I don’t want to be his girlfriend. But Jeff Taylor has been my Jeff Taylor for the past forever, and I have been his best friend and his lover and his girlfriend and his sister and we have lived together and laughed and cried and been angry. He has forced me to be candid. He has cracked me open and watched me spill out and he has mopped me up and squeezed me back into my jar. We have achieved an intimacy that I will assuredly not find for a long, long time.
And I don’t know when I’ll be able to say I am as close with anyone as I am with Jeff Taylor. Was? Could have should have would have? And the only thing I regret is that maybe I sacrificed a part of him for something temporary.

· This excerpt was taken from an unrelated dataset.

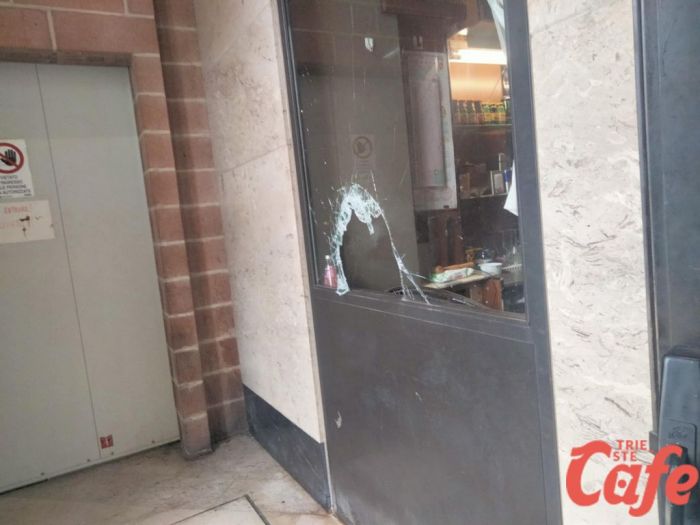Furto con doppia spaccata al bar del Silos: ladro maldestro preso con la refurtiva in mano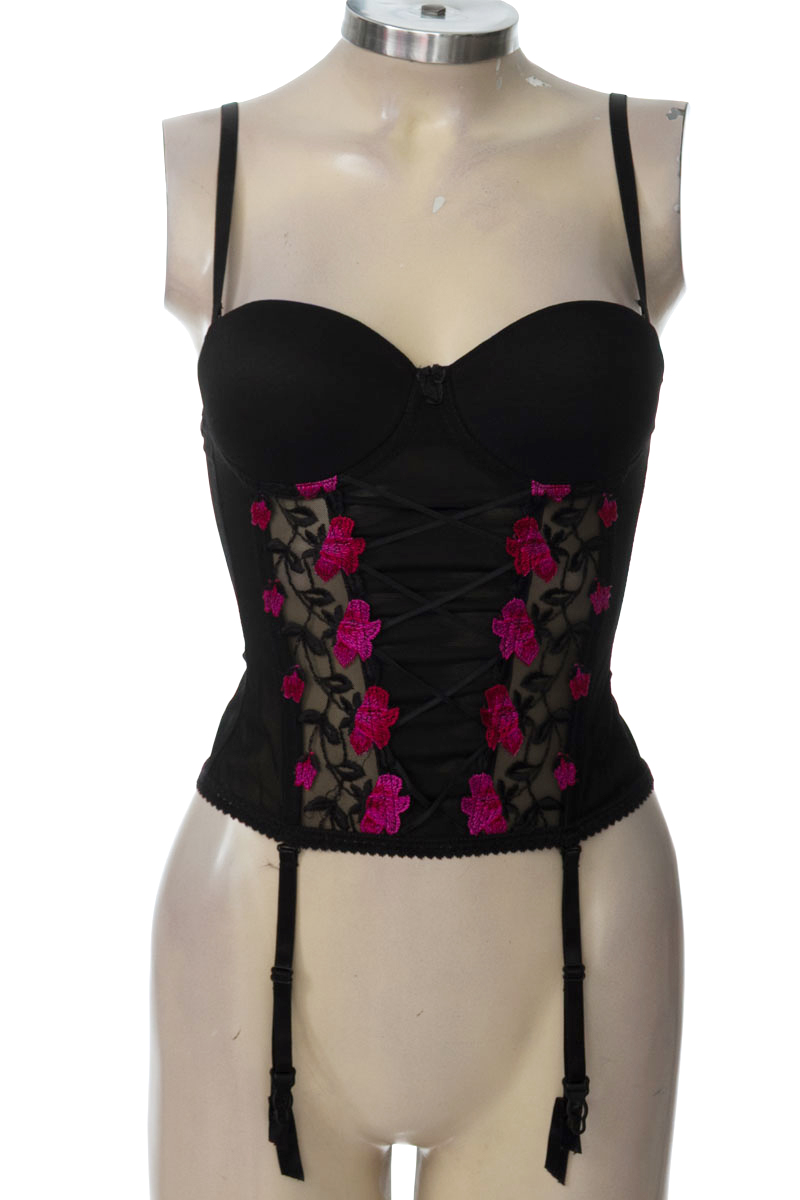 Top / Camiseta color Negro - Lady Marcel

Someone temporary. But at the same time, it wouldn’t have been right to hold onto that part of him. I am only sorry for the way I hurt him. But sometimes it’s impossible not to hurt those whom we love the most. (Déja-cliché)
And it broke my heart a little bit that he and I are no longer close enough to tell each other about our personal lives. And I have to wonder how close you can be with anyone if he or she doesn’t know about your personal life. But maybe this is just transition. I know he’s still here in all the fundamental ways. All the ways in which everyone else refuses to make himself available.
So last night Jeff called me because he knew I was bothered. Because even if he can’t see me and I don’t admit anything, this boy just knows. And he said “I love you” for the first time in months and it felt as if someone had wrapped an electric blanket around me. And then I cried and it felt good to cry to him. It felt good to cry to someone without feeling embarrassed. It felt good to be vulnerable and safe. Lost and safe all over again? Double-déja?
And it feels good that he makes me say what I’m feeling even if he knows I’d rather curl up around my heartache.
And I have to wonder how much heartache is healthy.
Then I saw Jeremiah briefly this afternoon and it was anticlimactic and I listened to Brahms viola quintet and cried again. Then drove in circles. Then drove home.
So Jeremiah, Annie and I saw the Tokyo String Quartet last week. Jeff told me a long, long time ago that it would be foolish and frustrating to try to force Jeremiah to appreciate the music the way I do. And that is certainly true. And I think more than anything I just wish I could do a better job of sharing all this. But maybe that’s too selfless. Maybe music is something I should crumple up and swallow and savor for myself.
So I was inappropriately but predictably disheartened by that concert (aside—the Brahms was a true disappointment), but realize that I was discouraged not because my boyfriend doesn’t get Bartok. Am I allowed to refer to him as that? Do I really want to call him that? Do I really want to be doing all this extra work? Have I not told Jeff because I’m embarrassed? Should I be embarrassed by a boyfriend who doesn’t offer to come to my concerts or be with me on my birthday?
And mainly I miss lying in bed and listening to music with Jeff and falling asleep and waking up to silence. But I can do that by myself. And do.
And for no reason, I went to bed one night last weekend overwhelmed with delusion and feeling in love for the first time in a long time. But I’m not in love. I’ve probably never been in love. I may have tasted love and spit it out now and again. But love takes time to digest. And there’s no time. And despite my own anxiety, despite the fact that I may be unprepared, I am not the impatient one. Not now.